Paragon surge might be able to keep up. Otherwise yeah, the Arcanist steps all over the sorcerer.

Not sure I mind that though because the Arcanist has cool class features and the sorcerer sort of doesn't.

Quote:
Brawler is a nice middle ground between Fighter and Monk, it might be objectively stronger than unarmed Fighter archetypes, but not by much, IMO.

Brawler runs into the issue of having some really, really bad class features though. Once a day knockout.

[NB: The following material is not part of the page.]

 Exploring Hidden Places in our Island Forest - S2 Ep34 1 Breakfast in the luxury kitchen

A signature strike that adds all of 1d6 damage to a standard action attack, piddly CMB bonuses and with how many bonus feats they get I'm almost tempted to pick up the TWF line myself with natural attack options instead of flurrying.

The biggest problem I see with the hunter is that I'm not sure why it even exists.

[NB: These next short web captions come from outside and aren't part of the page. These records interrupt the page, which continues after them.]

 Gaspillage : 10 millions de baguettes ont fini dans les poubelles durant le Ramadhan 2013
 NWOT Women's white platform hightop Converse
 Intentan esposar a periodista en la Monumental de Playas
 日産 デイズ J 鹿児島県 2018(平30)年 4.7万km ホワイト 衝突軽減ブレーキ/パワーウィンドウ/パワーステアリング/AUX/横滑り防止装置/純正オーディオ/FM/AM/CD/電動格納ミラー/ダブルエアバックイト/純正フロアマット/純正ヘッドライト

Nature based partial-spellcaster with weapon skills and an animal companion describes the ranger, so I'm not sure why we really needed a second class that thematically is the exact same niche.


swoosh wrote:
Lemmy wrote:
Arcanist is broken as hell and pretty much obsoletes Sorcerers.

Paragon surge might be able to keep up. Otherwise yeah, the Arcanist steps all over the sorcerer.

Not sure I mind that though because the Arcanist has cool class features and the sorcerer sort of doesn't.

Poor wizard. He almost doesn't have any class features!


MrSin wrote:
Poor wizard. He almost doesn't have any class features!

That's basically the only reason I don't mind the Arcanist. Yes, he's ridiculously strong but holy shit a 9th level, full spell list arcane caster who actually has class features! It's insane.

I wouldn't mind just replacing both sorcerer and wizard entirely with the arcanist unless the release version of the ACG guts them.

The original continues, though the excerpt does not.